Independent Student Newspaper Since 1969

The Badger Herald

Independent Student Newspaper Since 1969

The Badger Herald


White supremacist group holds demonstration in Madison

Gov. Evers condemns group’s ‘repulsive and disgusting’ presence
Daniel Chinitz

About 20 people carrying swastika flags and other Nazi symbols marched around Madison Saturday afternoon. The group marched up State Street to the Wisconsin State Capitol, then to James Madison Park, Madison Police Department public information officer Stephanie Fryer said.

Fryer said MPD received a “large number” of 911 calls about the incident. MPD said at 1:47 p.m. in a Facebook post that the department “does not support hateful rhetoric.”

Fryer said MPD officers reported the group primarily stuck to sidewalks, and that no weapons were displayed by group members.


At the time this article was written, MPD was not able to confirm the name of the group.

Images and videos posted to the online platform X, formerly Twitter, show Christopher Pohlhaus, who was identified as leader of the group Blood Tribe — a neo-Nazi group with chapters across the U.S. and Canada, according to the Anti-Defamation League.

In a statement released Saturday afternoon, University of Wisconsin Chancellor Jennifer Mnookin said the “presence of this hateful group in Madison is utterly repugnant.”

“I am horrified to see these symbols here in Madison,” Mnookin said in the statement. “Hatred and antisemitism are completely counter to the university’s values, and the safety and well-being of our community must be our highest priorities.”

Mnookin added that UW Student Affairs is hosting a Campus Connection and Support session 3 p.m. Sunday in the Main Lounge at Memorial Union.

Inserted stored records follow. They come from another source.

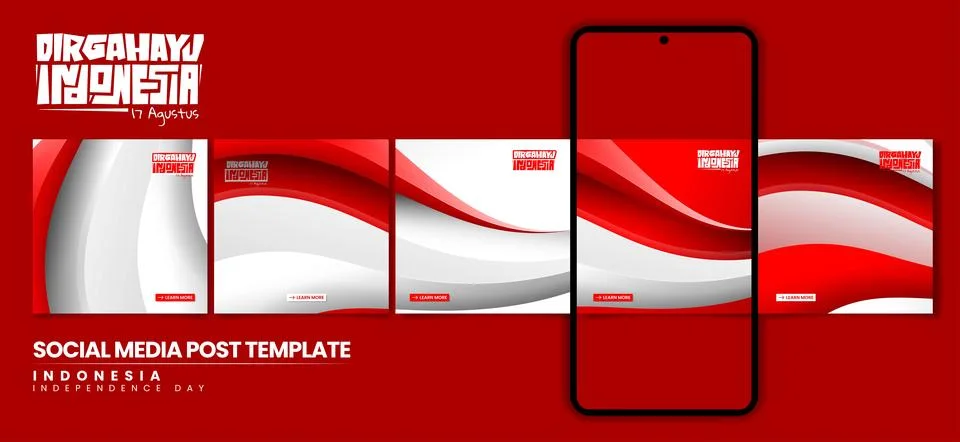 Set of carousel post design in red white background with waving realistic b.. Stock Illustration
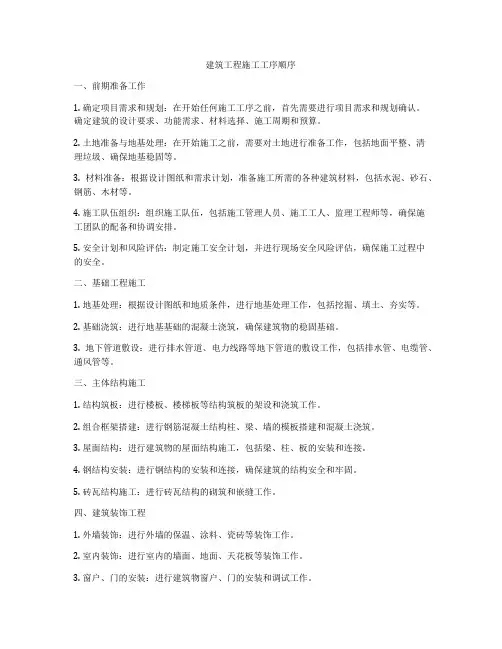 建筑工程施工工序顺序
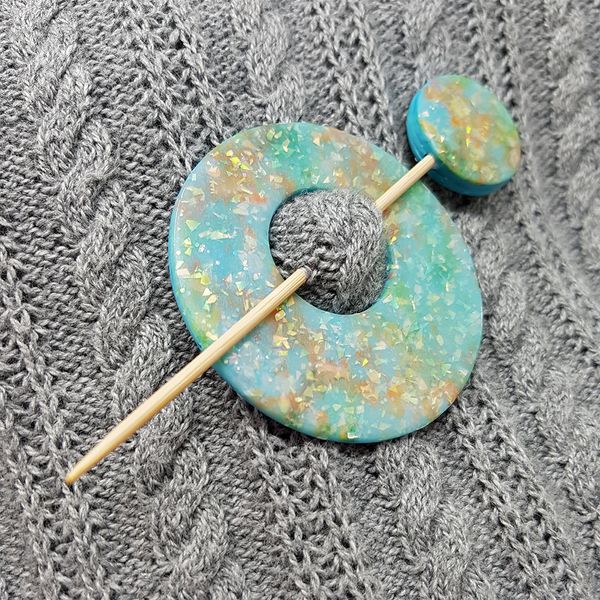 Mixed media shawl pin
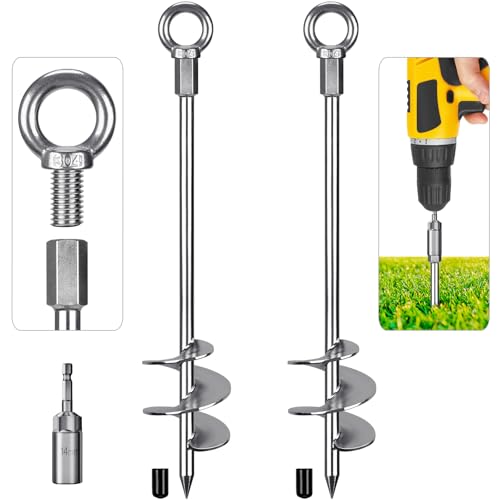 Dolibest Zeltheringe Erdanker Bodenanker, 46cm Schwerlast Zelthaken 2er Trampolin Schraubheringe Groß Sand Erdnägel Spirale Windsturm Spike für Schaukel/Camping/Schuppen/Hund/Carport mit Fester Öse von Dolibest
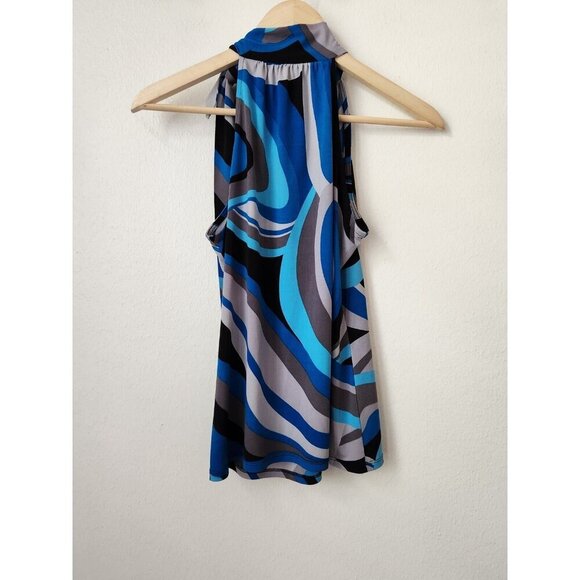 90s blue gray diagonal stripe tie neck sleeveless blouse M/L club career top - Picture 3 of 5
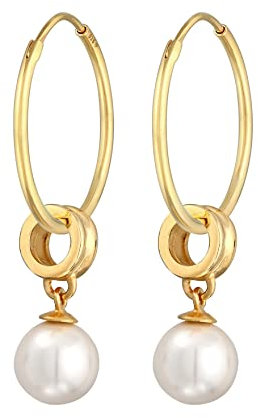 Nenalina Creolen Silber 925 Damen Ohrringe mit Perle vergoldet (8 mm)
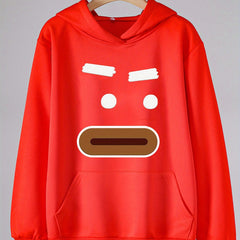 Girls Cartoon Expression Long Sleeve Hooded Sweatshirt for Spring and Autumn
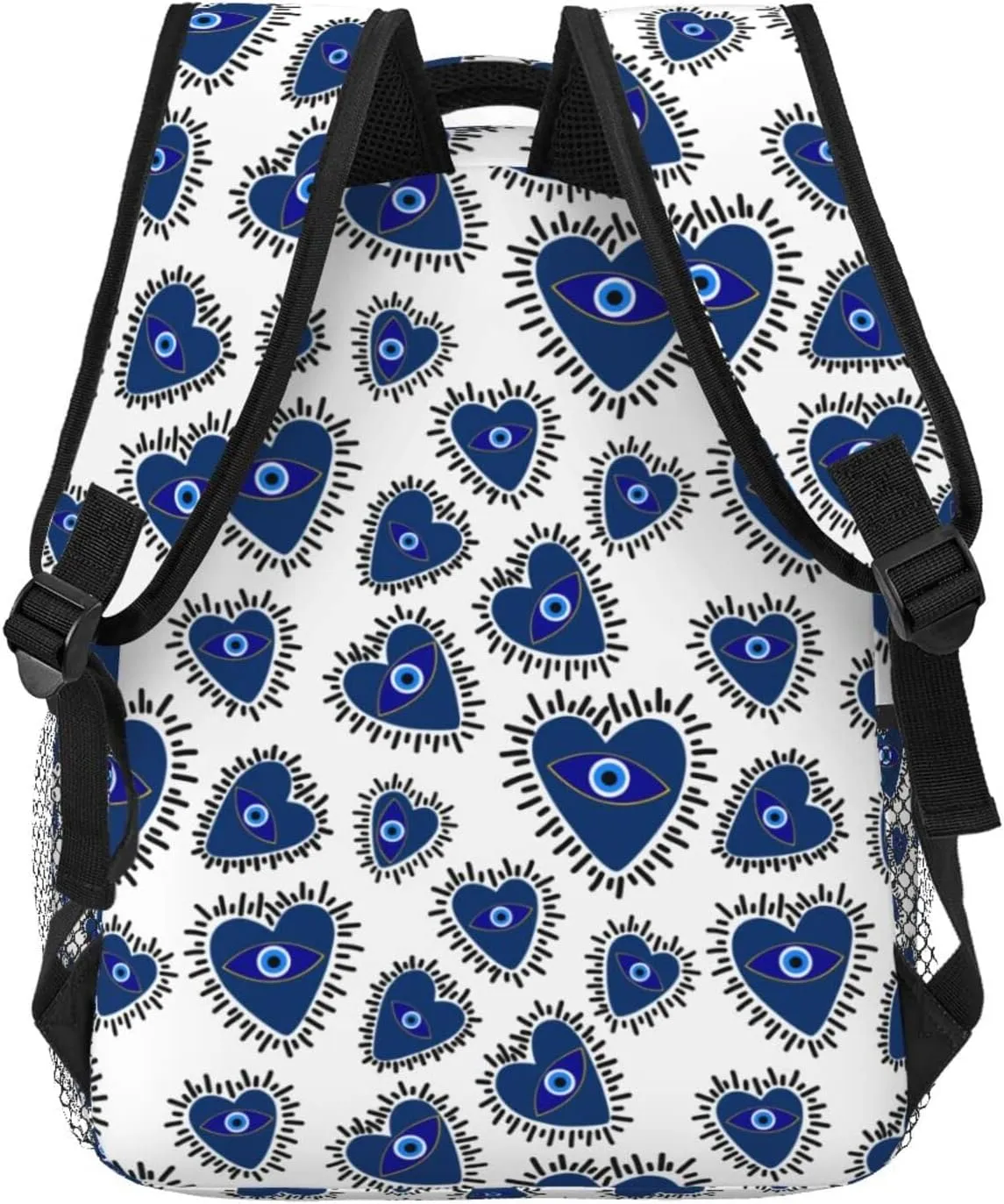 Evil Eye Heart Backpacks 15in Laptop Backpack Multipurpose Double Shoulder Bag For Men Women Gifts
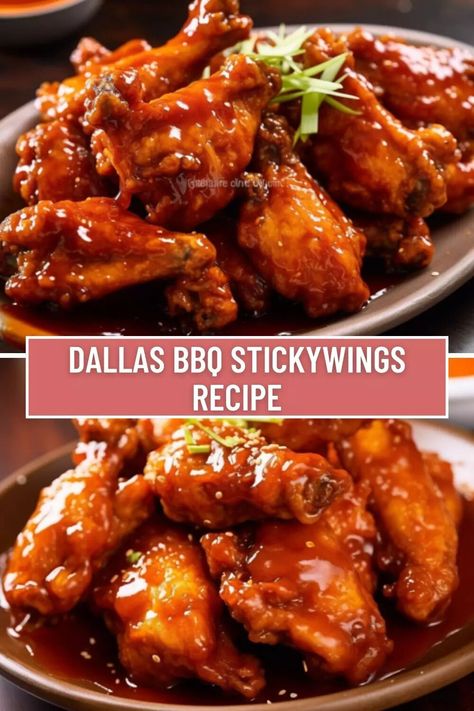 Dallas Bbq Sticky Wings Recipe, Sticky Wings Recipe, Dallas Bbq, Wings At Home, Sticky Wings, Southern Dishes, Wings Recipe, Spicy Dishes, Ginger And Honey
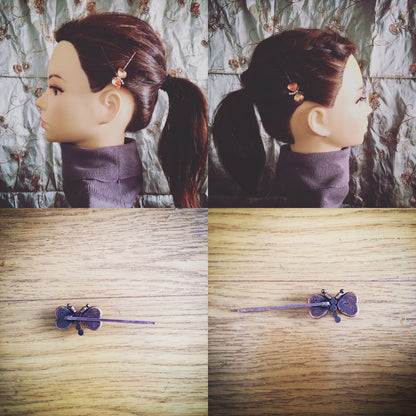 ヘアピン 蝶 渦巻き オレンジ ラインストーン 高級ヘアピン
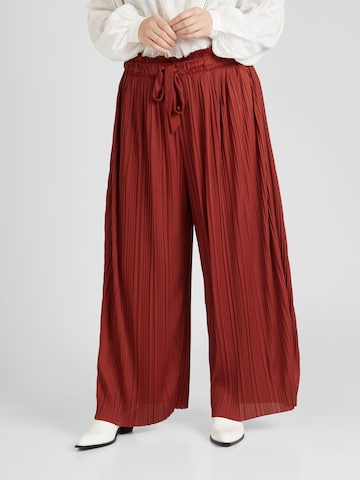 ABOUT YOU Curvy Wide leg Pants 'Elena' in Brown: front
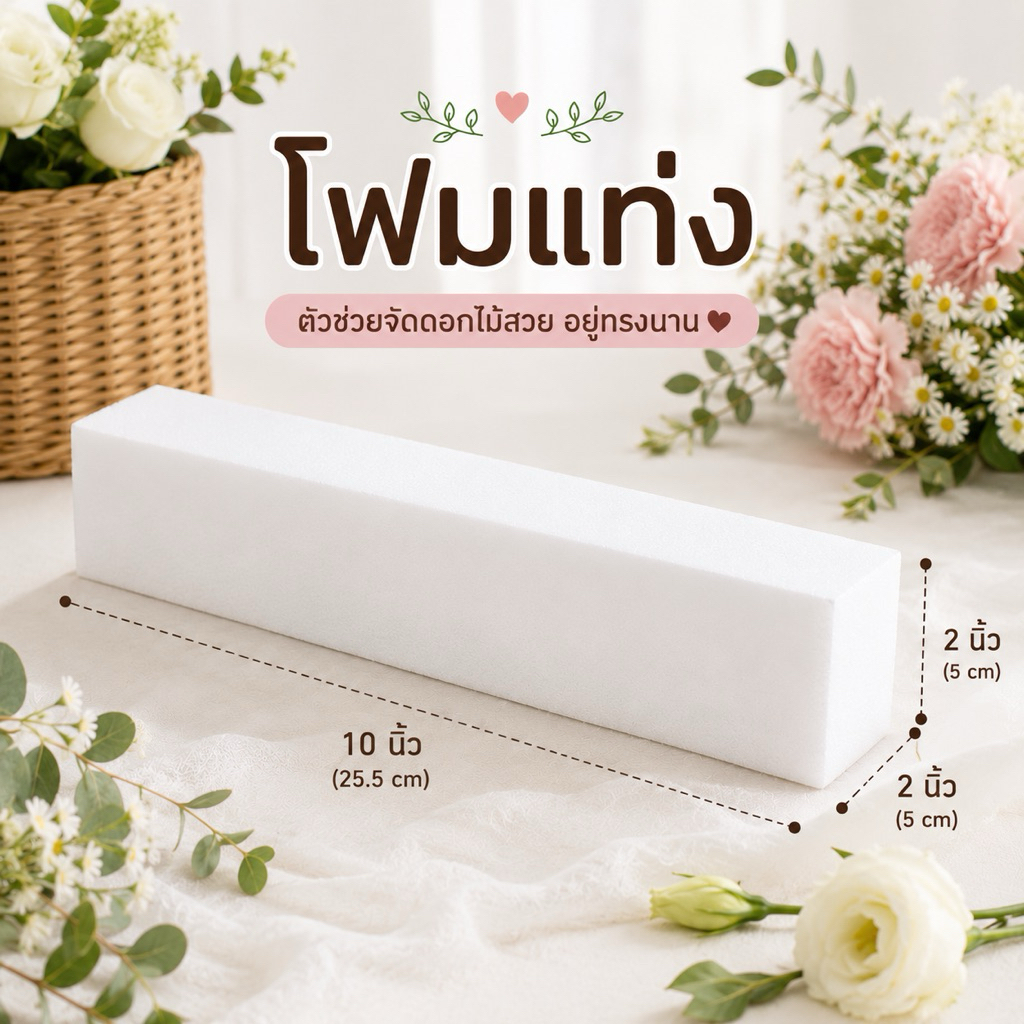 “โฟมแท่ง“สำหรับปักดอกไม้ จำนวน 10 แท่ง มีขนาด (2*2*10 นิ้ว) และ (2*2*8 นิ้ว) ช่วยจัดทรงดอกไม้ ให้สวยงาม ทรงสวย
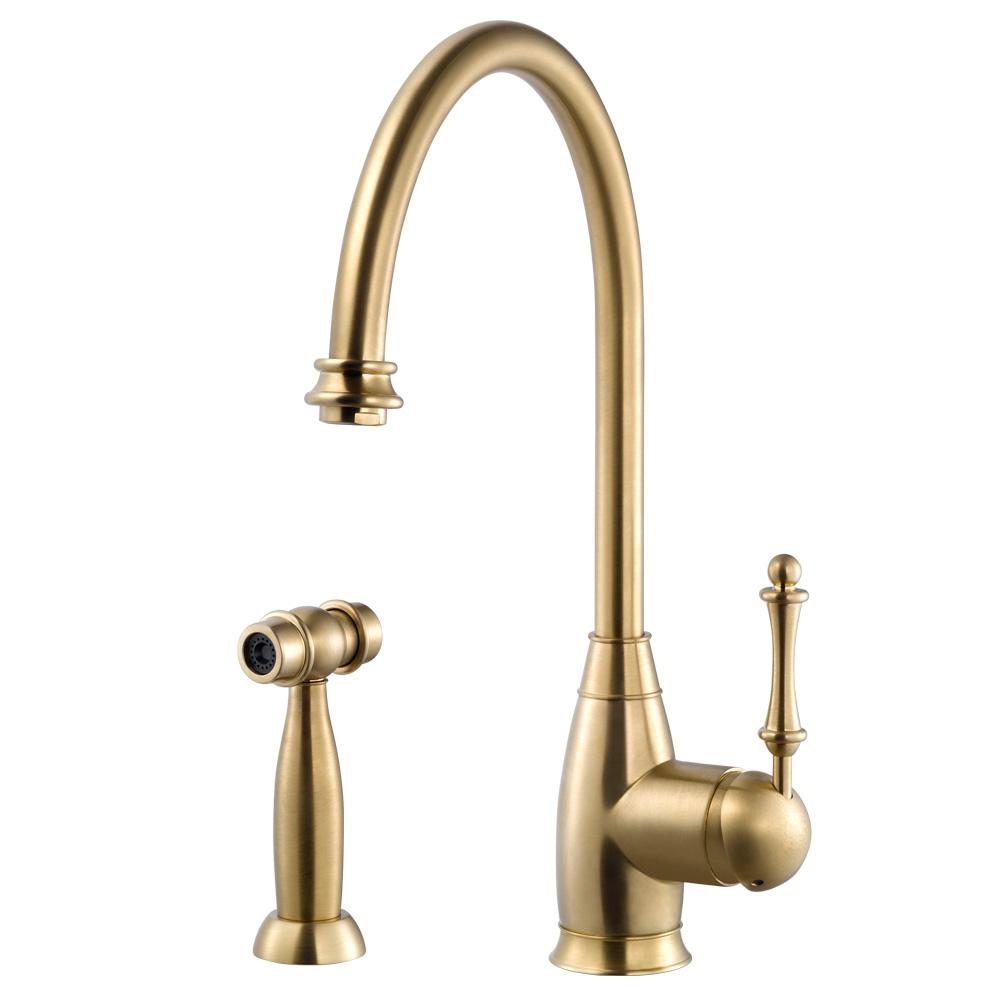 Houzer Charlotte Traditional Single Handle Standard Kitchen Faucet Houzer Charlotte Traditional Single Handle Standard Kitchen Faucet With Sidespray And Ceradox Technology In Brushed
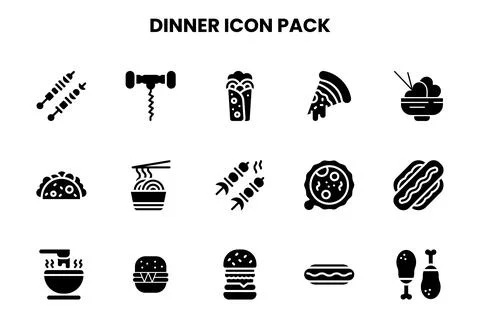 Dinner Glyph Bundle Icons Pack Stock Illustration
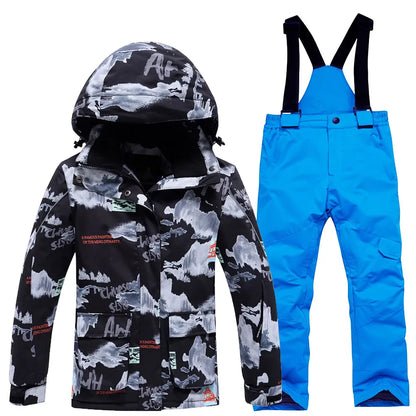 Fashion Printed Skiing Jacket + Bib Pants Snowsuits 2-Piece Boys Girls Hooded Winter Warm Windproof Snowboarding Wear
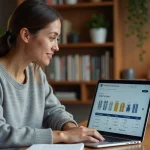 Femme consultant les tarifs intralignes Air France sur un ordinateur portable depuis son bureau à domicile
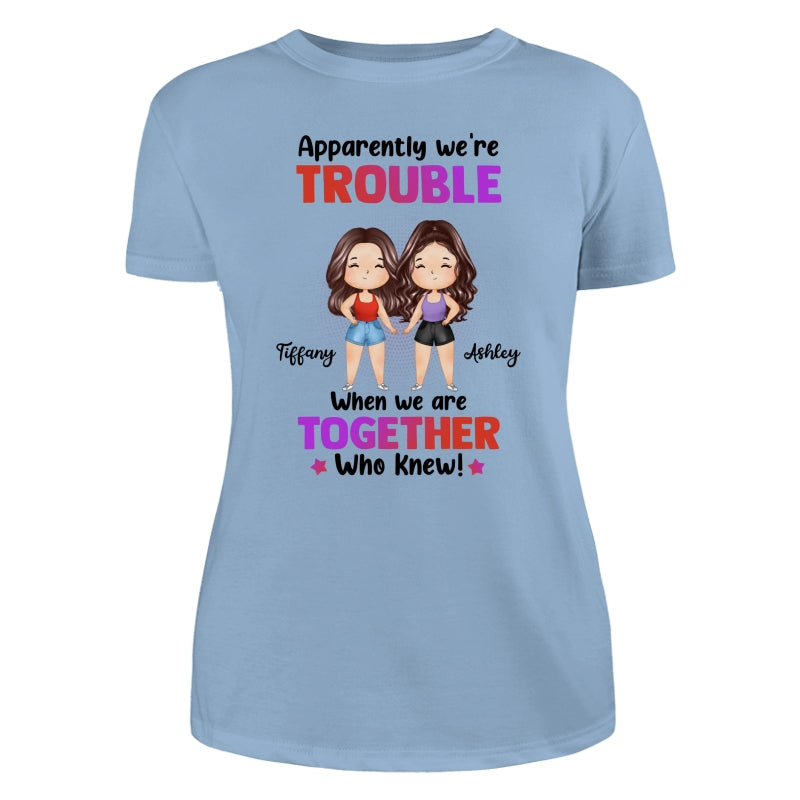 Trouble Besties Best Friends Watercolor Personalized Shirt
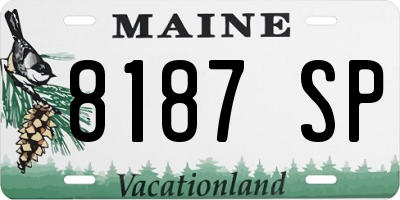 ME license plate 8187SP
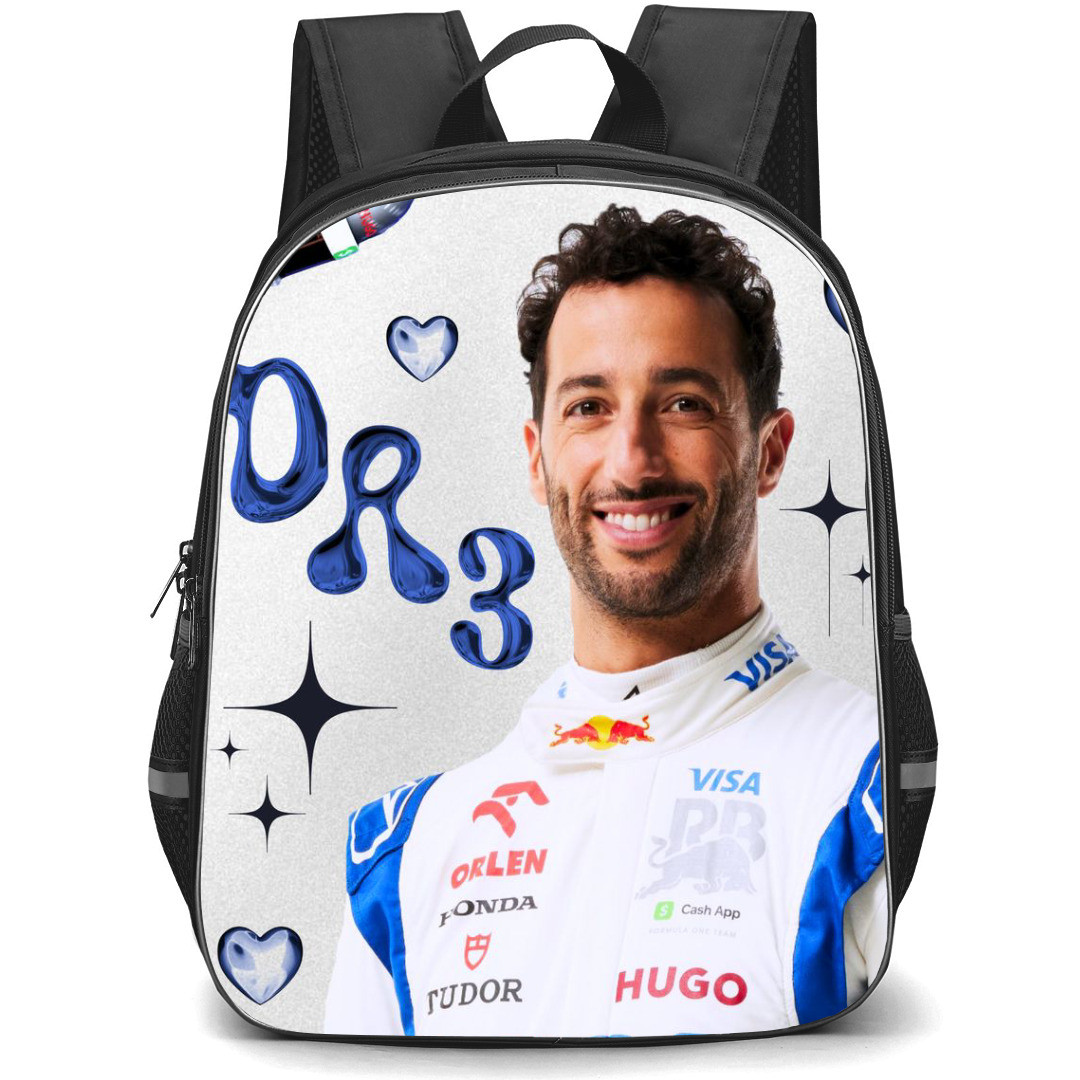 F1 Formula One Daniel Ricciardo Backpack StudentPack - Futuristic Gleam Poster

UW Hillel Foundation called upon the city of Madison and the Wisconsin state government to “unequivocally condemn this appalling act of antisemitism” in a statement Saturday.

Gov. Tony Evers condemned the group’s actions in a statement released Saturday afternoon, saying “neo-Nazis, antisemitism, and white supremacy have no home in Wisconsin.”

“We will not accept or normalize this rhetoric and hate,” Evers said in the statement. “It’s repulsive and disgusting, and I join Wisconsinites in condemning and denouncing their presence in our state in the strongest terms possible.”

Individuals who witness something done by the group that would constitute a crime are encouraged to call 911, Fryer said. The City of Madison has resources available to individuals impacted by the group’s presence. Individuals can email the MPD PIO for help being connected with resources.

Resources available on campus and across the city:

  • Anyone who wishes to report incidents which may be racially or ethnically motivated (potential hate crimes) is encouraged to contact Police immediately, at (608) 255-2345, or 911 if appropriate.
  • UHS 24-hour Crisis Line, (608) 265-5600 (Option 9)
  • Students can receive walking companionship through SAFEwalk, (608) 262-5000
  • UWPD non-emergency line, (608) 264-2677
  • The Center for Interfaith Dialogue is a resource for students dedicated to promoting the learning and sharing of knowledge around religion and faith

Editor’s note: This article was updated to include statements from Gov. Evers and UW Hillel.